Transcriptome-wide RNA accessibility mapping reveals structured RNA elements and pervasive conformational rearrangements under stress.

RNA structure plays a central role in post-transcriptional gene regulation, modulating RNA stability, translation, and interactions with RNA-binding proteins (RBPs). However, capturing RNA conformations at scale remains challenging.

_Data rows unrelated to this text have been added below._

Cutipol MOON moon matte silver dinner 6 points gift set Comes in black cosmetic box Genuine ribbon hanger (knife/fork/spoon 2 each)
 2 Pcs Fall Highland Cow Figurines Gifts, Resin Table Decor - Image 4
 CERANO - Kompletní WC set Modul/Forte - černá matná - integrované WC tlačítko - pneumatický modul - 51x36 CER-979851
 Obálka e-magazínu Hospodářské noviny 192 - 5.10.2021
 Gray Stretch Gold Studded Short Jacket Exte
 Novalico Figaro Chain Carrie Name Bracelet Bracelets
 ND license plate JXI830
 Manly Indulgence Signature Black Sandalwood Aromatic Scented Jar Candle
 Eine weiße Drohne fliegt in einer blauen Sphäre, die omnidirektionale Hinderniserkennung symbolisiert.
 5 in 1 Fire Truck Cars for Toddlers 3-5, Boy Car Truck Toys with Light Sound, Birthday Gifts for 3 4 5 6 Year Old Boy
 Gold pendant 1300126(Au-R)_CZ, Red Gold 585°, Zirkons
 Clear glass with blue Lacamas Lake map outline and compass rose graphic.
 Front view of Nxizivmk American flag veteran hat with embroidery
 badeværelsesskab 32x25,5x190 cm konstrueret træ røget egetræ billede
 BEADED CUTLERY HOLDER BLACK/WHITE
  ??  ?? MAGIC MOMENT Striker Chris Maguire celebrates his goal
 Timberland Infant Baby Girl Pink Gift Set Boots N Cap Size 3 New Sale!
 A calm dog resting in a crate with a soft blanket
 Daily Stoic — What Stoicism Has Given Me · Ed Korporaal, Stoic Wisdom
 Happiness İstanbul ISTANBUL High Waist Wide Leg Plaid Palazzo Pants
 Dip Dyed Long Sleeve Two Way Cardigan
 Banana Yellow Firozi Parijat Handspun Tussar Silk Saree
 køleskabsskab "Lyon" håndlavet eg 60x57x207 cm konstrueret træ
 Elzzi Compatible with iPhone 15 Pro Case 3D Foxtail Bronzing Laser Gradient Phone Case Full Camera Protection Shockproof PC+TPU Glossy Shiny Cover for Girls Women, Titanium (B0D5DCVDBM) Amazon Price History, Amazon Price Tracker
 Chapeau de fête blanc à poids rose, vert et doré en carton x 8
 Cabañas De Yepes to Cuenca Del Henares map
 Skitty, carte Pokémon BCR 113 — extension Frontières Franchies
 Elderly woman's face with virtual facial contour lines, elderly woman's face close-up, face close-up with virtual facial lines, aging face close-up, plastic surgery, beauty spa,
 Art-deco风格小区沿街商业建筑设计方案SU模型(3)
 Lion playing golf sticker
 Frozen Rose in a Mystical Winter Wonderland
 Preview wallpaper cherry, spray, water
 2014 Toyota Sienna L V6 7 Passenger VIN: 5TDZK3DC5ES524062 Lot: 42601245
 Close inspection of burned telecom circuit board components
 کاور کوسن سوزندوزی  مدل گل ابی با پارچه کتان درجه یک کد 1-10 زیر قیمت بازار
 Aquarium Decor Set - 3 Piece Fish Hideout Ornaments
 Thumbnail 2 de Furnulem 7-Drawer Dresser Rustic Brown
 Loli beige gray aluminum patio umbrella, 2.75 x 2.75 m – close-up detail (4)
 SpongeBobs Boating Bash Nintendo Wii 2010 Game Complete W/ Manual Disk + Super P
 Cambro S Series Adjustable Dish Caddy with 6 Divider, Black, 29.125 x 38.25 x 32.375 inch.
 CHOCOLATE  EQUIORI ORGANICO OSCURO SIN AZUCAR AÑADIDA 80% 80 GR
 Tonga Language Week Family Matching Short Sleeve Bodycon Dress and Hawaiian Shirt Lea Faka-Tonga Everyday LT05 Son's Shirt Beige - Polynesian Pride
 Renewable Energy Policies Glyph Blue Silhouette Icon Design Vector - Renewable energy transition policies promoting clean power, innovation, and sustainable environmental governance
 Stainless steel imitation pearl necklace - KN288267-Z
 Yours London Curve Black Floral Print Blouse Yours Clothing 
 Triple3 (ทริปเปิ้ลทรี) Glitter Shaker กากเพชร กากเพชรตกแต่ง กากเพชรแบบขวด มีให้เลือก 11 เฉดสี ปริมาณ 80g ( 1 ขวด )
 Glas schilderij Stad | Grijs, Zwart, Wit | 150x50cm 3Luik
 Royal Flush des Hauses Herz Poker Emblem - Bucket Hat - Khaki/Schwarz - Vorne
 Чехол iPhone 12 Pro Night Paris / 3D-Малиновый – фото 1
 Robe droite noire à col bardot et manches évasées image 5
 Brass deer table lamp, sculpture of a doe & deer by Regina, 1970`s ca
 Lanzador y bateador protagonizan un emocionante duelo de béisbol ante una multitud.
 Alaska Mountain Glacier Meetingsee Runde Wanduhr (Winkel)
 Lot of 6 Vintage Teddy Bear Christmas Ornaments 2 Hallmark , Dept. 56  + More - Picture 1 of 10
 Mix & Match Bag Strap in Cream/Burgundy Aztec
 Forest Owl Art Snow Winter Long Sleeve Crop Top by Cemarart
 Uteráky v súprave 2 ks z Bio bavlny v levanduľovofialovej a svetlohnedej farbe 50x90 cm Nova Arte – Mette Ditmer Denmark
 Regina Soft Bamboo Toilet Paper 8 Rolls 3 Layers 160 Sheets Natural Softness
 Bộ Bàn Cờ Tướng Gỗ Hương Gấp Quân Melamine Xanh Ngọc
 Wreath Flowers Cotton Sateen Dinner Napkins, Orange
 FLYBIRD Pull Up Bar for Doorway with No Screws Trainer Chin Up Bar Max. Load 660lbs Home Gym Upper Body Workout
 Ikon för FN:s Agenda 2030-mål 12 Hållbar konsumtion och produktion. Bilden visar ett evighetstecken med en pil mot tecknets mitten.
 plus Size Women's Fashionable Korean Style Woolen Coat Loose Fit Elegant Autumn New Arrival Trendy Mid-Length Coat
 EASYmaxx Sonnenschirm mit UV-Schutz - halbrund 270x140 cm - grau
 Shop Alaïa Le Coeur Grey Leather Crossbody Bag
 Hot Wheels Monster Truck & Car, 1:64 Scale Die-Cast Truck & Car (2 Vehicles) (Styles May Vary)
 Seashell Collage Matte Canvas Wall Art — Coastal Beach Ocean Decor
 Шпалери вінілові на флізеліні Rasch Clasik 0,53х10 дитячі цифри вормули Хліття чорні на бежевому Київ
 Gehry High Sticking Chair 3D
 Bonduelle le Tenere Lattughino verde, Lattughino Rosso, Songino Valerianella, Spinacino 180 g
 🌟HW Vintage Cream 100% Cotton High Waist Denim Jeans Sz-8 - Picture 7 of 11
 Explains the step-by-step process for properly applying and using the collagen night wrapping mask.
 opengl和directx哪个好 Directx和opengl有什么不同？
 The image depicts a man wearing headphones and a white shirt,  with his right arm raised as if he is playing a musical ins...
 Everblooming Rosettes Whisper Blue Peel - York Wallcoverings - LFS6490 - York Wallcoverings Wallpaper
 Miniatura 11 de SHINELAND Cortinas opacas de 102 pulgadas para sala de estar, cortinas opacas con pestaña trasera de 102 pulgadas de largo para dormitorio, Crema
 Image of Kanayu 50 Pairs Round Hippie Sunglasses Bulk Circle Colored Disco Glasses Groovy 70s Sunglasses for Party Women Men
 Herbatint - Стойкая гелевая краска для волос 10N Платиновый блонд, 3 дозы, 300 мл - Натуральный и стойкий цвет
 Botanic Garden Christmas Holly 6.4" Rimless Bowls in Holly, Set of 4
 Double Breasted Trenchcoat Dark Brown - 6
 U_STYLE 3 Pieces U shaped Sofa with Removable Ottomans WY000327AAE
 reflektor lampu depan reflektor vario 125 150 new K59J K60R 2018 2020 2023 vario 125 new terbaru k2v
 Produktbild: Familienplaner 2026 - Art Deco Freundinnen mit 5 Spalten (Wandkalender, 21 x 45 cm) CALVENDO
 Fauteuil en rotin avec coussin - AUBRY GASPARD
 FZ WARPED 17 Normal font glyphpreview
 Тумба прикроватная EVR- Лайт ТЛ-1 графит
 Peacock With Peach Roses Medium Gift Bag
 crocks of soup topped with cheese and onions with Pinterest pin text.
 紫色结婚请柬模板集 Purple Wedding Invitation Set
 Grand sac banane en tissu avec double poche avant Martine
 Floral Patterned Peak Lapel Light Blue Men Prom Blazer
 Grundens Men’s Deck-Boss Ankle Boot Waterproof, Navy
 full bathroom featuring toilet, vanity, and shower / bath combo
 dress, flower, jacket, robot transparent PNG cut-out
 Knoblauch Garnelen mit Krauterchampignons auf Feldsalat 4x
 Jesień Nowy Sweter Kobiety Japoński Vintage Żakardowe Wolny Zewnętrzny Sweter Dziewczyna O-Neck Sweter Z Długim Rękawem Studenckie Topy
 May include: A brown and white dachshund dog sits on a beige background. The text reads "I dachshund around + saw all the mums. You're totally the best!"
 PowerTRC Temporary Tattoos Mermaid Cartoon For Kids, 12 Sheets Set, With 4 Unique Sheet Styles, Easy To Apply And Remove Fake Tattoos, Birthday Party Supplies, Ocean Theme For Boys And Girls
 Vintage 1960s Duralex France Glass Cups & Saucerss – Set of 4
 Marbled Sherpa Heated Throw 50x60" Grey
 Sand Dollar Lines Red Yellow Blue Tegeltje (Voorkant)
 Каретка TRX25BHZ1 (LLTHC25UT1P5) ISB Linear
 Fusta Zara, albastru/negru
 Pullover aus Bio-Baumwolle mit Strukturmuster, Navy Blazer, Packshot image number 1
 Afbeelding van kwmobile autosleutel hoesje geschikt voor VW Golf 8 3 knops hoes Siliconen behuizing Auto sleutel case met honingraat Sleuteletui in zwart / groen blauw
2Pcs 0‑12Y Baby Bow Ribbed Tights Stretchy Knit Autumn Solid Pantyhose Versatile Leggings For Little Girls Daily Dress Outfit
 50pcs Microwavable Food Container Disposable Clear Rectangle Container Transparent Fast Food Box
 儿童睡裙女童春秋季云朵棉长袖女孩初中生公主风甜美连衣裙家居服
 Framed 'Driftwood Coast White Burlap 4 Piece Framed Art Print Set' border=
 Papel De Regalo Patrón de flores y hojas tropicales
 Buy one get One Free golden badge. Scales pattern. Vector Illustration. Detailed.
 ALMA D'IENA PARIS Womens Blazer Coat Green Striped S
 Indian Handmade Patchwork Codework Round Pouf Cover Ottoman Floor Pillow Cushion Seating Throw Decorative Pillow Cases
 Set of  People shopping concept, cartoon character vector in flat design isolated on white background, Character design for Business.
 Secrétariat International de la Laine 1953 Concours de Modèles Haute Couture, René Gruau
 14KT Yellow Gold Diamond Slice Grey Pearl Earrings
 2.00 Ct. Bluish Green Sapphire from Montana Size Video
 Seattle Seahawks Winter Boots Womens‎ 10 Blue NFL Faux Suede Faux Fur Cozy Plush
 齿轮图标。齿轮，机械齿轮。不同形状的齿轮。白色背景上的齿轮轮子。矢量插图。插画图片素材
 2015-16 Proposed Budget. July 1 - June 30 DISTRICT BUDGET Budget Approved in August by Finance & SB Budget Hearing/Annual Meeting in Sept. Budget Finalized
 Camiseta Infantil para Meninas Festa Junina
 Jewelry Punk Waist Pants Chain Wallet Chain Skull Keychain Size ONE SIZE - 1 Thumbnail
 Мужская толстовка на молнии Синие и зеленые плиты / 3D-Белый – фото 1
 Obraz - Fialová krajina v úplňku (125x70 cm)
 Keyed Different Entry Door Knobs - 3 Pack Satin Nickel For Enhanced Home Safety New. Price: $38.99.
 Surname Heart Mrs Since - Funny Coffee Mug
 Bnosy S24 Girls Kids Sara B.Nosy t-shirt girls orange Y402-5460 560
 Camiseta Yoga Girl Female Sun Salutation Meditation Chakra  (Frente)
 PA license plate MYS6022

Here, we introduce DMS-TRAM-seq (Dimethyl Sulfate-Transcriptome-wide RNA Accessibility Mapping by sequencing), which probes RNA structure across nearly the entire transcriptome. Using DMS-TRAM-seq, we generated secondary structure predictions for over 9,000 human transcripts, including hundreds of non-coding RNAs, and identified more than 700 previously unannotated, high-confidence structured elements. Importantly, the enhanced coverage provided by DMS-TRAM-seq enabled comparative analyses, revealing RNAs that undergo structural rearrangements in response to cellular perturbations. Integration with RBP motifs and ribosome profiling uncovered altered RNA-RBP interactions during oxidative stress and showed that translation inhibition broadly drives RNAs toward their thermodynamically favored conformations. DMS-TRAM-seq enables interrogation of the RNA structurome and its plasticity at an unprecedented scale, opening new directions for elucidating the structural basis of RNA regulation.